You could drop the res_* interfaces from musl.  They are mostly needed
for non-address queries, and those are the ones that tend to be larger
than 512 bytes.

Then it might be possible that no one will notice the missing TCP
fallback.

^ permalink raw reply	[flat|nested] 28+ messages in thread

* Re: [musl] TCP support in the stub resolver (was: Re: Outgoing DANE not working)
  2020-04-18 17:14                                         ` [musl] TCP support in the stub resolver (was: Re: Outgoing DANE not working) Florian Weimer
@ 2020-04-19  0:03                                           ` Rich Felker
  2020-04-19  8:12                                             ` [musl] TCP support in the stub resolver Florian Weimer
  0 siblings, 1 reply; 28+ messages in thread
From: Rich Felker @ 2020-04-19  0:03 UTC (permalink / raw)
  To: Florian Weimer; +Cc: musl

On Sat, Apr 18, 2020 at 07:14:24PM +0200, Florian Weimer wrote:
> * Rich Felker:
> 
> > On Fri, Apr 17, 2020 at 11:22:34AM +0200, Florian Weimer wrote:
> >> >> > However it's not clear how "fallback to tcp" logic should interact
> >> >> > with such concurrent requests -- switch to tcp for everything and
> >> >> > just one nameserver as soon as we get any TC response?
> >> >> 
> >> >> It's TCP for this query only, not all subsequent queries.  It makes
> >> >> sense to query the name server that provided the TC response: It
> >> >> reduces latency because that server is more likely to have the large
> >> >> response in its cache.
> >> >
> >> > I'm not talking about future queries but other unfinished queries that
> >> > are part of the same operation (presently just concurrent A and AAAA
> >> > lookups).
> >> 
> >> If the second response has TC set (but not the first), you can keep
> >> the first response.  Re-querying both over TCP increases the
> >> likelihood that you get a response from the same cluster node (so more
> >> consistency), but you won't get that over UDP, ever, so I don't think
> >> it matters.
> >> 
> >> If the first response has TC set, you have an open TCP connection you
> >> could use for the second query as well.  Pipelining of DNS requests
> >> has compatibility issues because there is no application-layer
> >> connection teardown (an equivalent to HTTP's Connection: close).  If
> >> the server closes the connection after sending the response to the
> >> first query, without reading the second, this is a TCP data loss
> >> event, which results in an RST segment and potentially, loss of the
> >> response to the first query.  Ideally, a client would wait for the
> >> second UDP response and the TCP response to arrive.  If the second UDP
> >> response is TC as well, the TCP query should be delayed until the
> >> first TCP response came back.
> 
> > Indeed it sounds like one TCP connection would be needed per request,
> > so switchover would just be per-request if done.
> 
> No, you can reuse the connection for the second query (in most cases).
> However, for maximum robustness, you should not send the second query
> until the first response has arrived (no pipelining).  You may still
> need a new connection for the second query if the TCP stream ends
> without a response, though.

That's why you need one per request -- so you can make them
concurrently (can't assume pipelining).

> > My leaning is probably not to do fallback at all (complex logic,
> > potential for unexpected slowness, not needed by vast majority of
> > users) and just add TCP support with option use-vc for users who
> > really want complete replies.

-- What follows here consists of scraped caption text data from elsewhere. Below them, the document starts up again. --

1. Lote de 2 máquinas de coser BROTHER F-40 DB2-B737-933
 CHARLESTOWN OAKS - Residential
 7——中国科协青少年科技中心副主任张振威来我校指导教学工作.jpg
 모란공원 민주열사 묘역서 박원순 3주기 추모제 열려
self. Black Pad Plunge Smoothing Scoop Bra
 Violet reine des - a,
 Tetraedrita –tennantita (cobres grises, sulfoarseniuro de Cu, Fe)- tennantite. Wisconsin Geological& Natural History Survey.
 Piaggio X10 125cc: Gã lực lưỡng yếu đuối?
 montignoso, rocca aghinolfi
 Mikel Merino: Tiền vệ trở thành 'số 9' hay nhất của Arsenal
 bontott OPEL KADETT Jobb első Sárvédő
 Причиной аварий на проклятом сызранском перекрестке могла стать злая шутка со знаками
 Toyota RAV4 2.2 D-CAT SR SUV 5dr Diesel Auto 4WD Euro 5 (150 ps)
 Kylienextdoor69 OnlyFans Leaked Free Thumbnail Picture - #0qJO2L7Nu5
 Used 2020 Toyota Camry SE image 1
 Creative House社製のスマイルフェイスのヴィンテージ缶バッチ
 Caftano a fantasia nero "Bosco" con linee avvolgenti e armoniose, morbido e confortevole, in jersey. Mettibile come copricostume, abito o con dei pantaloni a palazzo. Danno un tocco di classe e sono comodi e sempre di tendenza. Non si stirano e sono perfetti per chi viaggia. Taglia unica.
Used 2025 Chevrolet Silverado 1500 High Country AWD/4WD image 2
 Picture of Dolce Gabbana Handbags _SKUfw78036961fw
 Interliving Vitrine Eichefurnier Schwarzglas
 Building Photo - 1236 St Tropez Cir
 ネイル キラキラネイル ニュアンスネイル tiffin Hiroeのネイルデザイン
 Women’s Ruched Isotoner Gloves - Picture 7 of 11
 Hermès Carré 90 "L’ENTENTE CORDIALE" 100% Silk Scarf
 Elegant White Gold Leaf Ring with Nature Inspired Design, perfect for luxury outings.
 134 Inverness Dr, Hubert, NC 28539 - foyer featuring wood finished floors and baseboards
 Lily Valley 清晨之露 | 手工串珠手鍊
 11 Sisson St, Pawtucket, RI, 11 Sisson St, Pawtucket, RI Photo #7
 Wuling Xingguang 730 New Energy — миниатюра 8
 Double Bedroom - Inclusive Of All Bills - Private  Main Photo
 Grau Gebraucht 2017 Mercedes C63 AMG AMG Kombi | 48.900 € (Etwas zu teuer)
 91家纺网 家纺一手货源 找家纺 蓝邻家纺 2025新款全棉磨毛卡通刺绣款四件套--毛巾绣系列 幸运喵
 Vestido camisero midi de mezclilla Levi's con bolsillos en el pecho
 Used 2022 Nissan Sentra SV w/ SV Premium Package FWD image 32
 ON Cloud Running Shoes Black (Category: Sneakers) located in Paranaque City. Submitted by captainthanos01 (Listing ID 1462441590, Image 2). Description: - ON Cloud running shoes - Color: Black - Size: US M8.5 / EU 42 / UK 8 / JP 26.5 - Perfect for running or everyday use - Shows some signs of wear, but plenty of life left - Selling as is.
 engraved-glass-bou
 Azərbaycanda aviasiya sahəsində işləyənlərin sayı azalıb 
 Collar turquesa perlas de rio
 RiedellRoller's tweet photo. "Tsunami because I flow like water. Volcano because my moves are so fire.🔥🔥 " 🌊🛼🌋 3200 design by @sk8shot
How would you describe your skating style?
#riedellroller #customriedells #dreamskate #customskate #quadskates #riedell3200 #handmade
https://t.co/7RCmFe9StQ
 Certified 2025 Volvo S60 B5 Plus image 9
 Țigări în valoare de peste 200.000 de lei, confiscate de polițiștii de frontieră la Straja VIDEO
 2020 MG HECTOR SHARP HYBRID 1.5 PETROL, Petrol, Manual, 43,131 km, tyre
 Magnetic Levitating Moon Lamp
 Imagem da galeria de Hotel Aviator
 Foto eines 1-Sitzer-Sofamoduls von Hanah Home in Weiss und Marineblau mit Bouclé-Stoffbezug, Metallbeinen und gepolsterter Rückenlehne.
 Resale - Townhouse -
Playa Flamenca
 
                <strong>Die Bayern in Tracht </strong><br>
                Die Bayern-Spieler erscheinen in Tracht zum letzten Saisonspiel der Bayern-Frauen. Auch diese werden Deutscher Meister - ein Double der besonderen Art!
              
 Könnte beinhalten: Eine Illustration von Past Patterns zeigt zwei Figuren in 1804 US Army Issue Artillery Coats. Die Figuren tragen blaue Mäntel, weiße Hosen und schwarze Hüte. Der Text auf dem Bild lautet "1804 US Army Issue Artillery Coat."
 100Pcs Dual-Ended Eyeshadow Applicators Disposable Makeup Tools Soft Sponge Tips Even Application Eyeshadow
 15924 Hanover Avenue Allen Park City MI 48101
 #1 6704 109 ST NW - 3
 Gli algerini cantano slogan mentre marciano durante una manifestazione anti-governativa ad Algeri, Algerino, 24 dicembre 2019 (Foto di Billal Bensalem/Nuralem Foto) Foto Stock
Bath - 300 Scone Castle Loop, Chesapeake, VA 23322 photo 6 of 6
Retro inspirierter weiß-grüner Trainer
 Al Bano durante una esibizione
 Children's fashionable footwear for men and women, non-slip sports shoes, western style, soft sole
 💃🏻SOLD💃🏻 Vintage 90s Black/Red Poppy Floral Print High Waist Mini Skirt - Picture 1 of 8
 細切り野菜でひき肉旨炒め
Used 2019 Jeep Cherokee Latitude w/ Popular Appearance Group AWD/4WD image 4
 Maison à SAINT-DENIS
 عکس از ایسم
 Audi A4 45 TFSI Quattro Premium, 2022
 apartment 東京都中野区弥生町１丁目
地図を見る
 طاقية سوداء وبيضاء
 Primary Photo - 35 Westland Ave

All of this would be contingent anyway
> > on making internal mechanisms able to handle variable result size
> > rather than fixed-size 512 bytes so it's not happening right away.
> > Doing it carelessly would create possibly dangerous bugs.
> 
> I still think it's wrong.  The protocol says that you must perform TCP
> fallback.  If you don't, it's rather confusing for the libresolv
> interfaces.

There's a clause I'd have to look up again, but that explicitly says
(roughly, I'm paraphrasing this from memory) you have the option not
to in settings where it wouldn't be appropriate to do so or where
you're happy with the truncated responses. The reason my leaning is to
make it require explicit configuration to use TCP is that the vast
majority of musl users seem happy with what it's doing now, which
*was* intentional; it'd be nice not to change that without explicit
user intent to do so. Also, making TCP available only in TCP-only
(use-vc) mode would perform badly with remote nameservers, which would
strongly encourage users who want large responses (which are almost
certainly things that do need DNSSEC validation) to setup a proper
local validating nameserver.

Of course all of this has prerequisite core changes that'd need to be
made before it could be done, so nothing's going to happen either way
in the short term.

> > I'm still also somewhat of the opinion that users who want a resolver
> > library (res_* API) with lots of features should just link BIND's, but
> > it would be nice not to have to do that.
> 
> You could drop the res_* interfaces from musl.  They are mostly needed
> for non-address queries, and those are the ones that tend to be larger
> than 512 bytes.

They're sufficient for pretty much everything that actually matters,
and very convenient to have. Removing them seems like it has no
advantages. If someone *really* wants more functionality they can link
BIND's libresolv, or we can evaluate adding the functionality they're
missing.

> Then it might be possible that no one will notice the missing TCP
> fallback.

Really almost no one has noticed it so far, and the places where it
was noticed were buggy (IIRC Google or Cloudflare) nameservers that
were sending an empty response on truncation rather than a properly
truncated response, which seems to have since been fixed. (And in this
case the fallback would have been a major performance hit, so it was
nice that it was caught and fixed instead).

Rich

^ permalink raw reply	[flat|nested] 28+ messages in thread

* Re: [musl] TCP support in the stub resolver
  2020-04-19  0:03                                           ` Rich Felker
@ 2020-04-19  8:12                                             ` Florian Weimer
  2020-04-20  1:24                                               ` Rich Felker
  0 siblings, 1 reply; 28+ messages in thread
From: Florian Weimer @ 2020-04-19  8:12 UTC (permalink / raw)
  To: Rich Felker; +Cc: musl

* Rich Felker:

>> No, you can reuse the connection for the second query (in most cases).
>> However, for maximum robustness, you should not send the second query
>> until the first response has arrived (no pipelining).  You may still
>> need a new connection for the second query if the TCP stream ends
>> without a response, though.
>
> That's why you need one per request -- so you can make them
> concurrently (can't assume pipelining).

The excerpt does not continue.